---------- Material provided

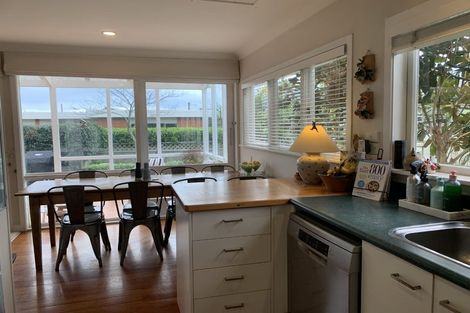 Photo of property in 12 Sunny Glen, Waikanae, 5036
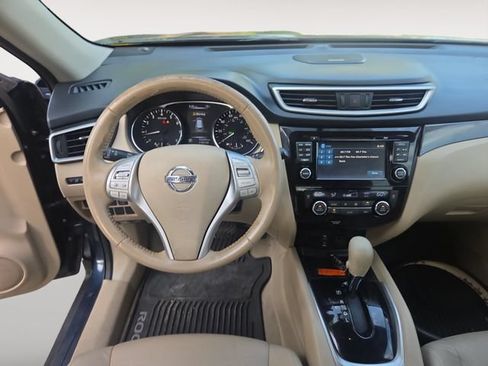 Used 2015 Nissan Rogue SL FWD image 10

--------------------
---------- Material provided

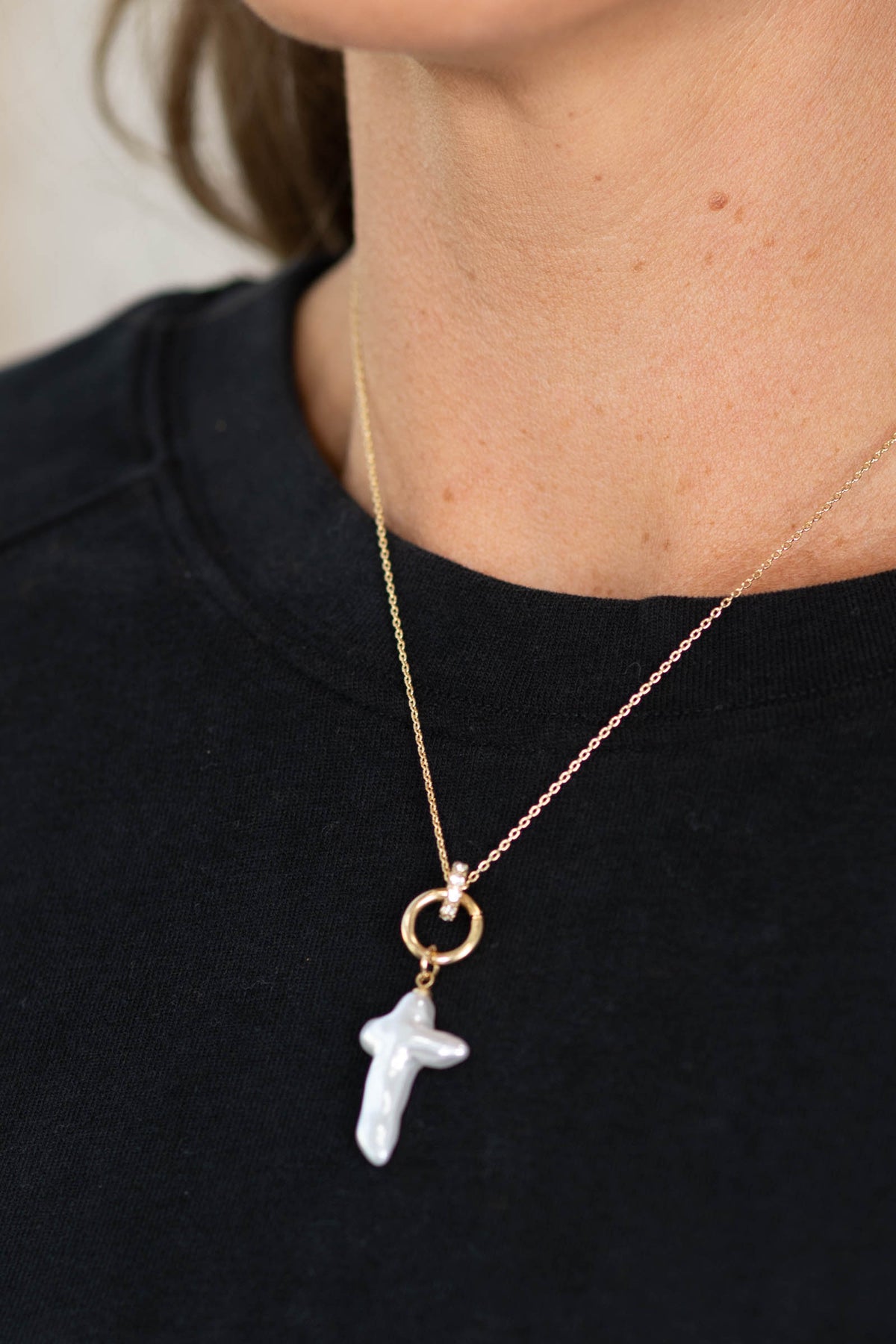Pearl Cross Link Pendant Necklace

--------------------
---------- Material provided

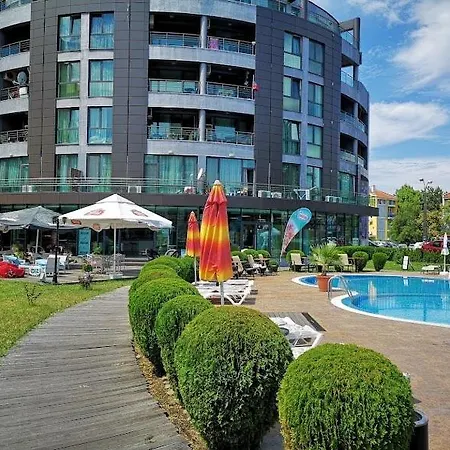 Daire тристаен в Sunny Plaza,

--------------------

## Task brief
Using the records above, return word for word the lines that begin at the one containing "Photo of property" and end at the one containing "Used 2015 Nissan Rogue SL FWD image 10", both of them included and no pictures.

## Result for this exercise
 Photo of property in 12 Sunny Glen, Waikanae, 5036
 Used 2015 Nissan Rogue SL FWD image 10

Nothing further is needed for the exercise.